# Thread: another hard complex analysis question

1. ## another hard complex analysis question

Anothre difficult question think im missing something here. If someonecould help me out would be much appreciated

Edgar

Let f be an entire function.
(a) Prove that if e^f is bounded then f is constant.
(b) Prove that if Re f is bounded then f is constant.
Hint: Use suitable exponentials.

2. Originally Posted by edgar davids
Anothre difficult question think im missing something here.
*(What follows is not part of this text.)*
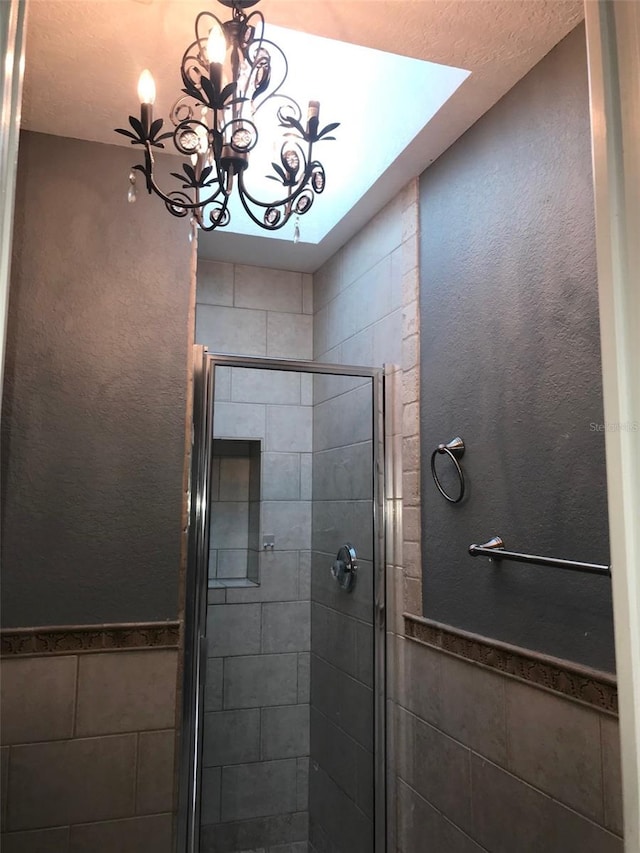 4127 Gardner Dr, Port Charlotte, FL 33952 - full bath featuring a stall shower, a wainscoted wall, tile walls, and an inviting chandelier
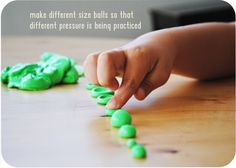 a child's hand reaching for green balls on the floor with an inspirational quote above it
If someonecould help me out would be much appreciated

Edgar

Let f be an entire function.
(a) Prove that if e^f is bounded then f is constant.
(b) Prove that if Re f is bounded then f is constant.
Hint: Use suitable exponentials.
What you need is Picard's little theorem, find it here.

a) If $e^{f(z)}$ is bounded then so is $|f(x)|$,
let $K>0$ be a bound for $|f(z)|$ then both:

$2Ke^{i\theta}$ and $3Ke^{i\theta}$

are not values taken by $f(z)$, hence by Picard's theorem is a constant.

b) Same as above let $K>0$ be a bound, then both:

$2K+i$ and $3K+i$

are not values taken by $f(z)$, hence by Picard's theorem is a constant.

RonL

3. ## Liouvilles theorem

This results follow easily from Liouville's theorem. An entire bounded function is contstant

4. Originally Posted by edgar davids
Anothre difficult question think im missing something here. If someonecould help me out would be much appreciated

Edgar

Let f be an entire function.
(a) Prove that if e^f is bounded then f is constant.
(b) Prove that if Re f is bounded then f is constant.
Hint: Use suitable exponentials.
Originally Posted by petemarkou
This results follow easily from Liouville's theorem. An entire bounded function is contstant
Liouville's theorem gives $e^f$ is constant, and you need a little additional argument (since exp is not injective). For instance, $0=(e^f)'=f' e^f$ hence $f'=0$.

And for b), use $|e^{f}|=e^{\Re f}$ to reduce to the first question.

5. Originally Posted by CaptainBlack
What you need is Picard's little theorem, find it here.

a) If $e^{f(z)}$ is bounded then so is $|f(x)|$
There's probably no point in noting this (considering the delay), but anyway: a priori no, if $e^f$ if bounded, then $\Re f$ is bounded, but we don't know about $f$. If $f$ is entire, then a posteriori it is constant hence bounded.